DO MISTÉRIO DO OFÍCIO

A língua caminha atrás de mim
pelo deserto azul que é grande
saboreia o rosto fiel dos meus anseios
no rito canibal do dia novo
Por vezes submerge a verdade
e se enruga como um corpo na água
A verdade molha sempre demasiado
no falso desnudar da promessa

(p. 49)

O pássaro dorme dentro do barro
canta na manhã a sua árvore
voa longe a fazer ninho
para buscar e farejar o calor perdido
E sempre vem do céu para dormir:

Só os poetas podem chamar irmãos aos pássaros.

(p. 50)

Conta a lenda que São Francisco, depois de virar as costas às materialidades do mundo, entrou pelos bosques e, despojado de tudo, chamou a si a natureza, e não só as plantas como os animais o receberam de braços abertos. Em particular os pássaros, a quem chamava de irmãos.

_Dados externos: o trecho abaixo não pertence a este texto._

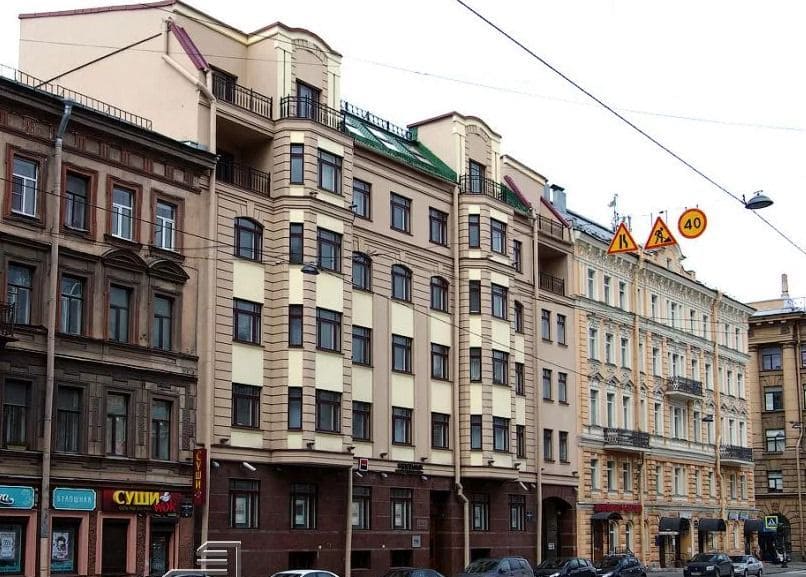 РЕНТАВИК: Экспертное бюро недвижимости арендовало офис в БЦ «Renaissance House», Санкт-Петербург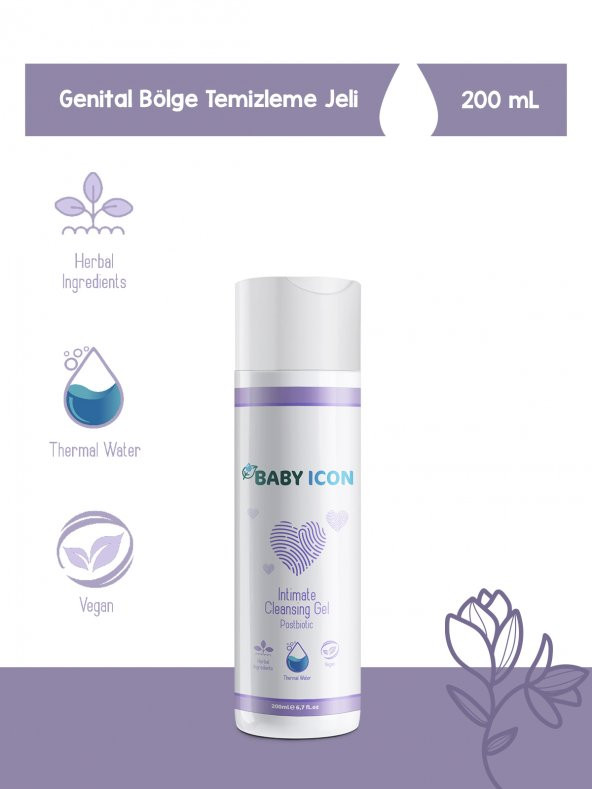 Baby Icon Genital Bölge - İntim Temizleme Jeli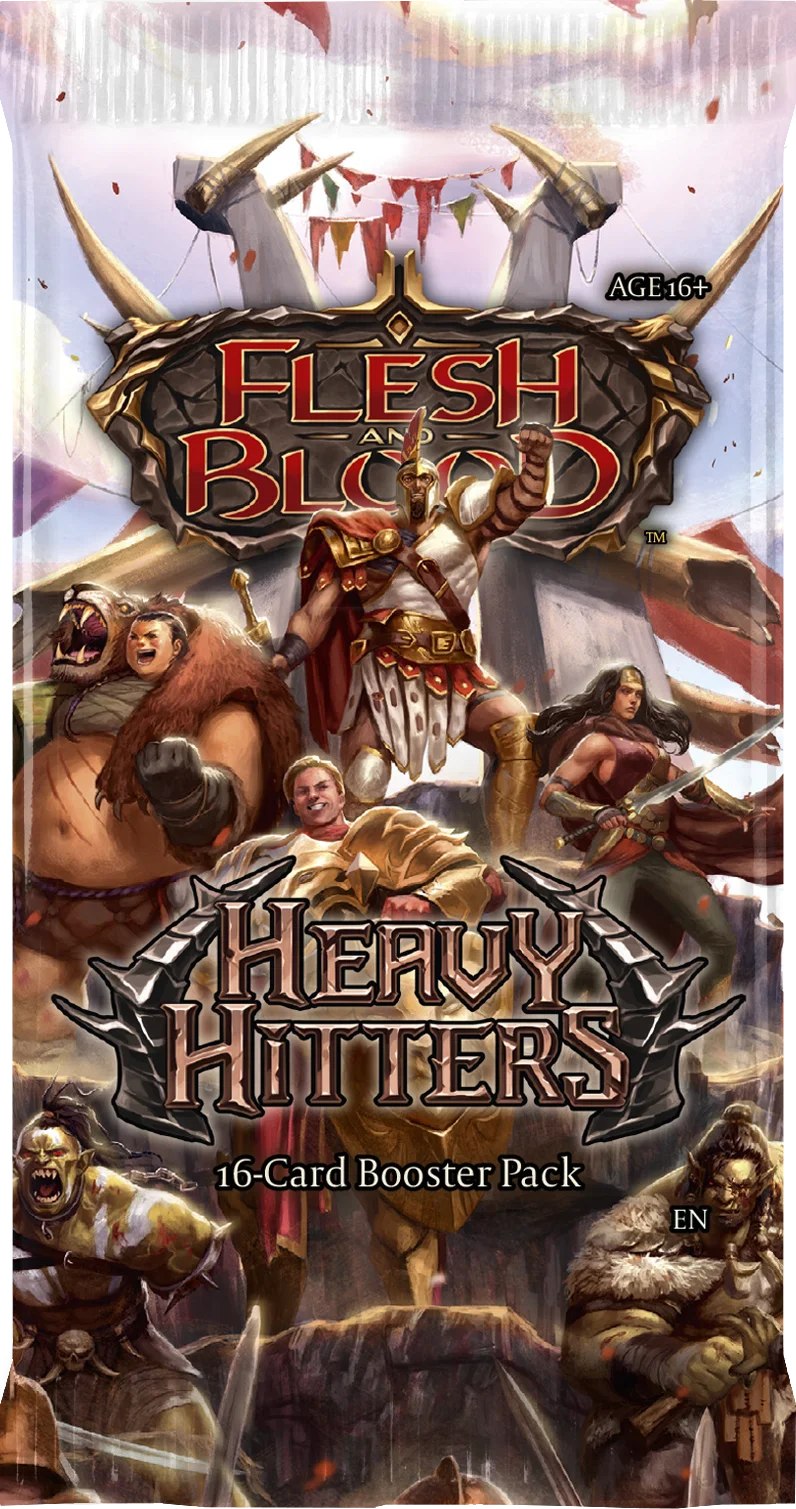 Flesh and Blood Heavy Hitters Booster Pack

Serve esta pequena nota ou lembrança para entrarmos no novo livro de Pablo J.P. López, poeta espanhol de quatro nomes (n.1983) e de um rigoroso talento poético. Tal como o santo que buscou a simplicidade, e renunciou aos seus bens, aos ornamentos das suas roupas, também Pablo constrói a sua poética com base nesse princípio - os poemas com os quais começámos exemplificam, de resto, o que digo.